CAMINATA NOCTURNA

Por Facundo Villarruel

Llego a casa a las dos de la mañana. Gasté los trescientos pesos que tenía en la billetera. Tomé una leche chocolatada con un alfajor mientras escribía en mi cuaderno y leía a Deleuze en la estación del centro donde empecé a escribir. Elegí dicho lugar porque le tengo cariño. Fue en el verano del 2008 cuando empecé a escribir allí.

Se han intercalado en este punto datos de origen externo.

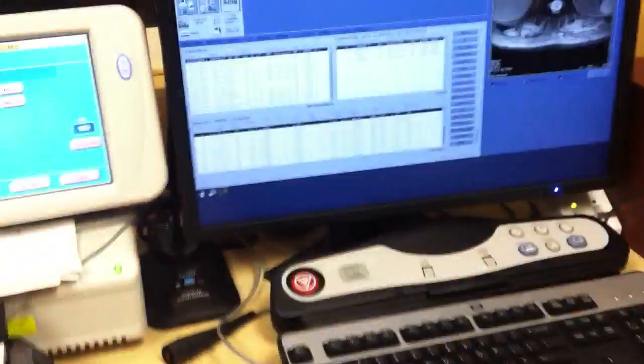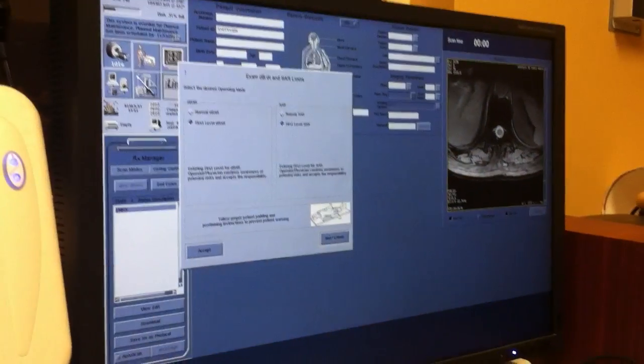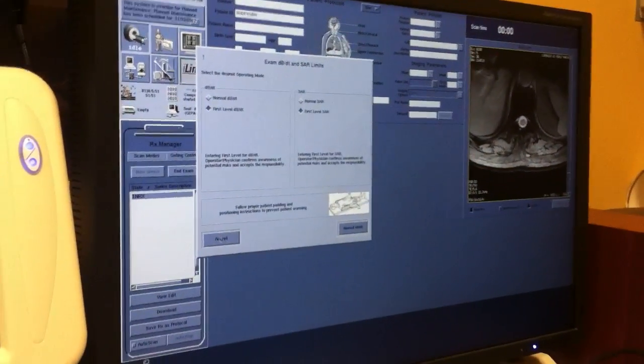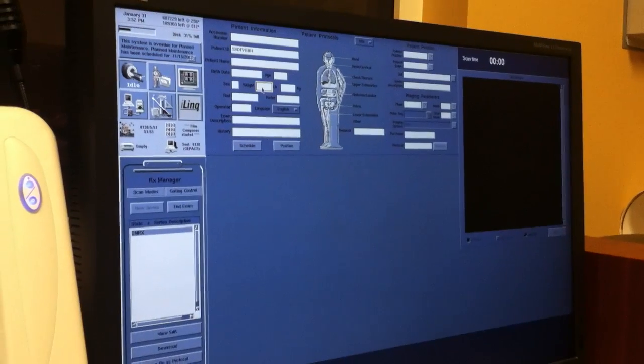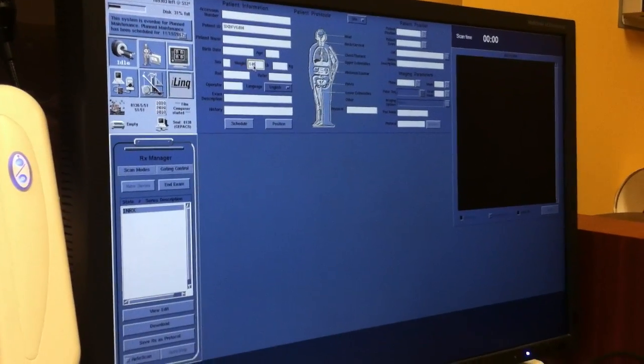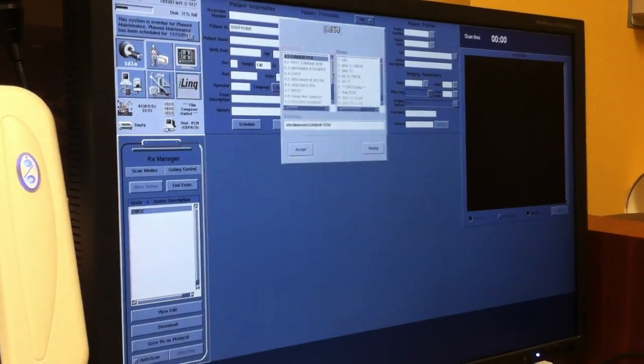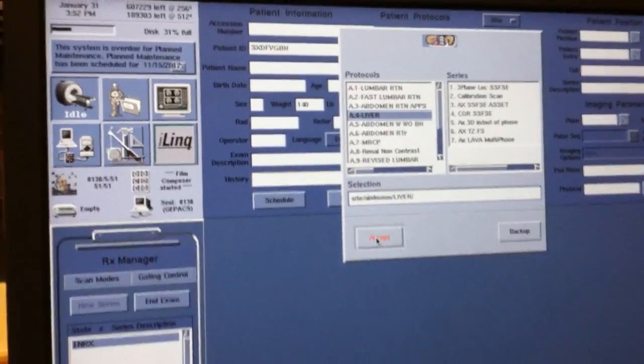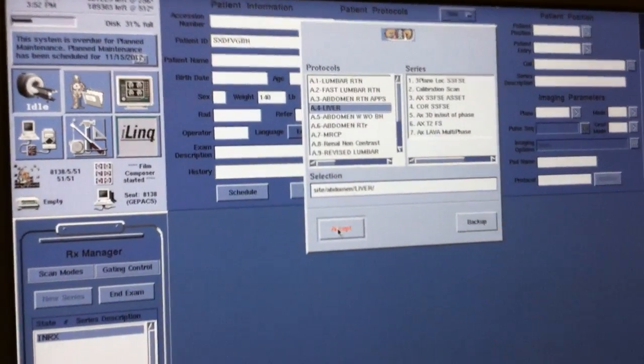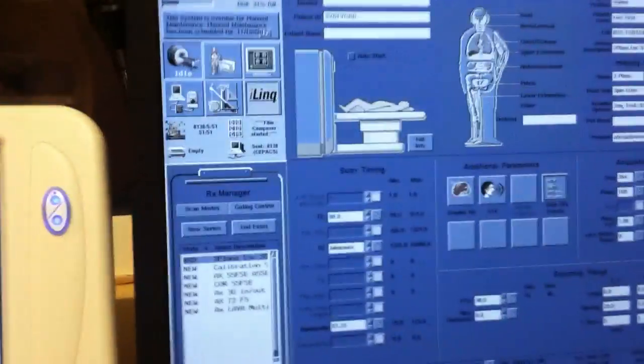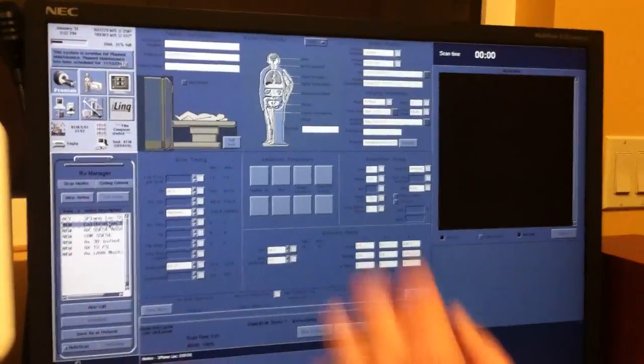Now we'll go to the control center. Once you're at the console, we're going to set up for a liver here. Now, your liver might be labeled something different. In this case, this is our multi-phase liver. It's also known as lava on this particular machine. So, we're going to run our three-plane loc. While our three-plane loc is running, we're going to set up our power injector.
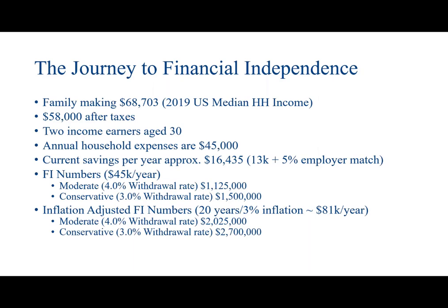Financial independence is where you make enough money from passive income sources to meet your family's needs. Many people achieve financial independence after a 30 or 40 year career. Individuals and families with high savings rates may be able to achieve financial independence earlier.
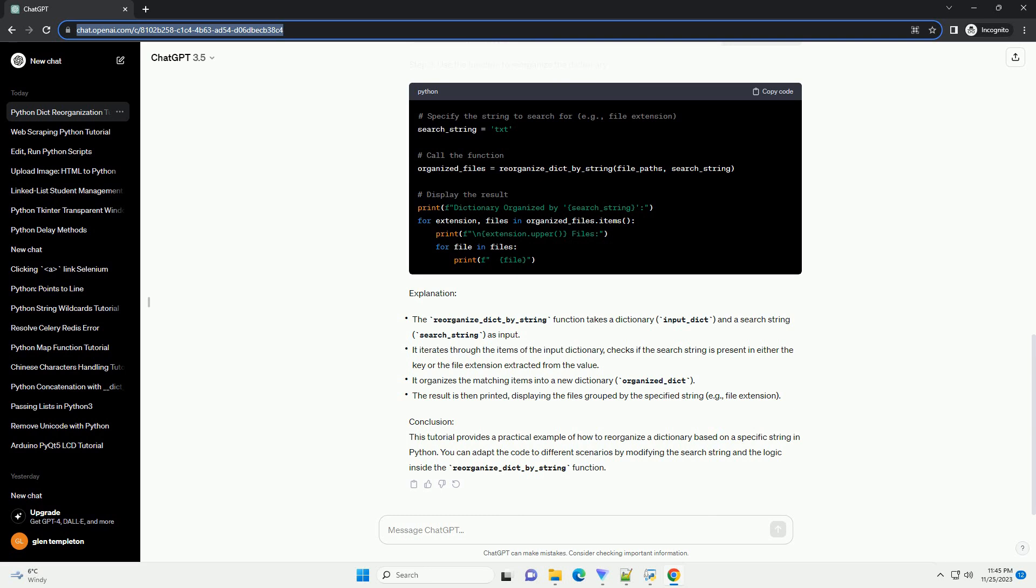Explanation and Conclusion. This tutorial provides a practical example of how to reorganize a dictionary based on a specific string in Python. You can adapt the code to different scenarios by modifying the search string and the logic inside the reorganize_dict_by_string function.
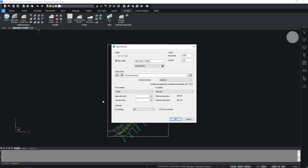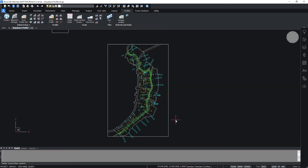Check the settings in the dialog box and select the section that you want to draw. Confirm with OK. Select the table insertion point.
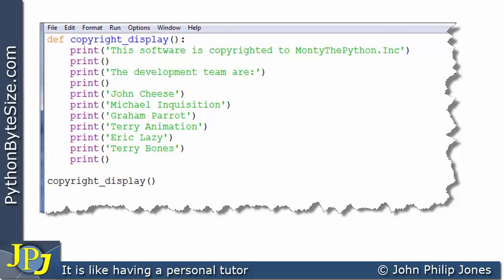If you also inspect the function, you should note that there is no return statement anywhere in the function. In other words, this particular function doesn't return any values.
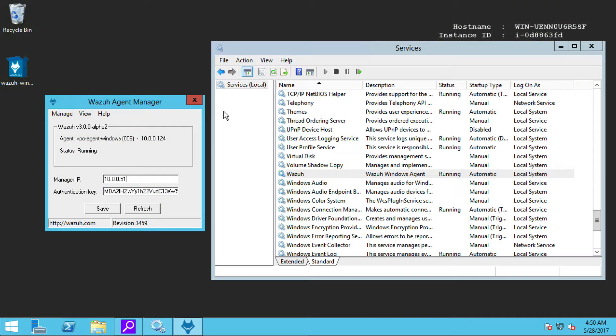I am going to show you how to use file integrity monitoring capabilities. In this case, we have installed the agent on a Windows 2012 server.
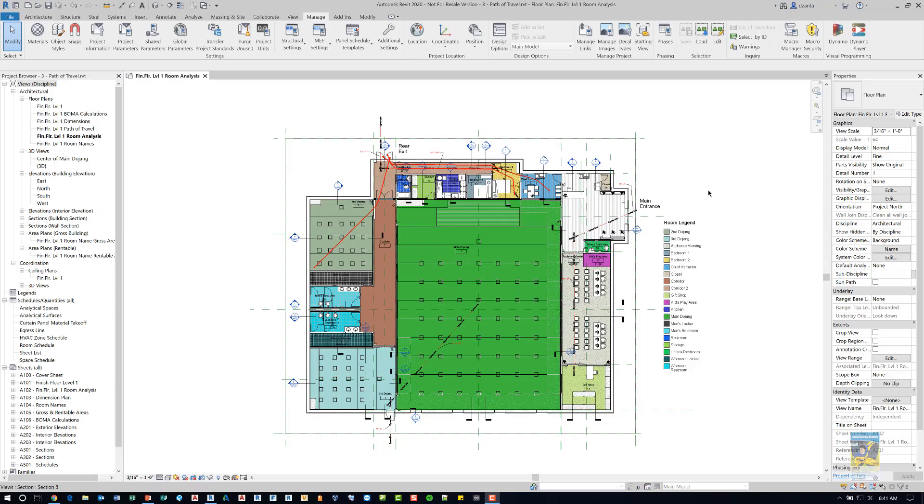Welcome everyone, this is Zantaw with RepoProducts. Today's video is on how to use the new Path of Travel command in Revit 2020.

Las tardes de verano me iba allí a leer a Freud y a escribir en mis cuadernos, mientras veía el movimiento de esa esquina tan céntrica, tan neurálgica de nuestra ciudad. Rivadavia y San Martin. Las dudas como bandadas de pájaros hitchkoquianos se apoderaron de mí. Mis pasos seguían sin rumbo hasta que los sillones solitarios de la fría estación me llamaron. Más las luces eran cálidas aunque había algo deprimente al verme entre los personajes que me rodeaban, neuróticos y obsesivos en tareas extrañas, ensimismadas. Me veía en el reflejo del vidrio afeado por mi barba y mis cachetes inflados. La escritura me resulta, últimamente, lejana y fría, ya no siento el entusiasmo de antes, si bien conserva sus poderes terapéuticos, me alivia, siento que ya no es tan poderosa como antes. Me siento estancado en lugares comunes hacia donde fluye mi escritura. Los temas se repiten obsesivamente. La obligación. La avaricia. Los fantasmas de infidelidad. Tal vez deba leer un poco más para enriquecer mi prosa. Siento que mi prosa es pobre, con metáforas muy transitadas ya, comunes. Tal vez tenga muchos prejuicios todavía y me encierre en cierta visión superficial de las cosas. Es como si me faltara imaginación. Recuerdo cuando empecé a escribir en el año que he referido ya, cuando me dominaba una pasión inaudita, propia de los descubrimientos. Llegué a ver un dragón en el cielo producto de mi imaginación, influenciado por el fantástico de Cortázar, y sin saberlo en ese momento, lo fantástico del cine. El cine es en sí mismo fantástico. Eso es lo que quise expresar en mis escritos sobre cine y no pude.

Indescriptible goce ante aquella visión. Como el goce místico de los hombres santos que han visto a la virgen María en las nubes. Eso es la poesía, es una especie de locura controlada, ceñida en los marcos del lenguaje. Vuelvo a lo anecdótico: me despojé de mi dinero y encontré la felicidad en el bar donde conocí a G. Entre la música y la filosofía de Deleuze encontré un deleite que extrañaba y que estaba escondido en algún lugar de mi memoria. Evoqué el hermoso rostro de G y las hermosas noches junto a ella. Extrañaré su presencia y sus ojos, y hasta los nervios que me provocaba su infinita belleza. La mujer de mis sueños. Como un ángel.

Pude re-encontrarme con la lectura en un bar, disfrute del placer de la mesura del beber. Un solo vaso de cerveza. Sin preocupaciones por ahora o remordimientos por el dinero gastado. Tanta neurosis y olvido que un día moriré y los gustos que no me pude dar en vida no podré dármelos en otra vida, o no sé. Por las dudas me la paso bien ahora. Es bueno recordar que voy a morir, que soy finito. Cuando acude este pensamiento siento un alivio, es como una escoba gigante que limpia mis sucios pensamientos angustiantes. Habría que representar a la muerte con una escoba como a las brujas. La muerte es lo real. Y dicho encuentro con lo real nos da fuerzas como decía Lacan.

Voy a contramano de los horarios de mi familia. Tiempo y espacio. No los compartimos. Me seduce la noche y su silencio, la calle sumida en la oscuridad. Soy el único transeúnte. Mis pasos dudan. Hace mucho que no veo la mañana.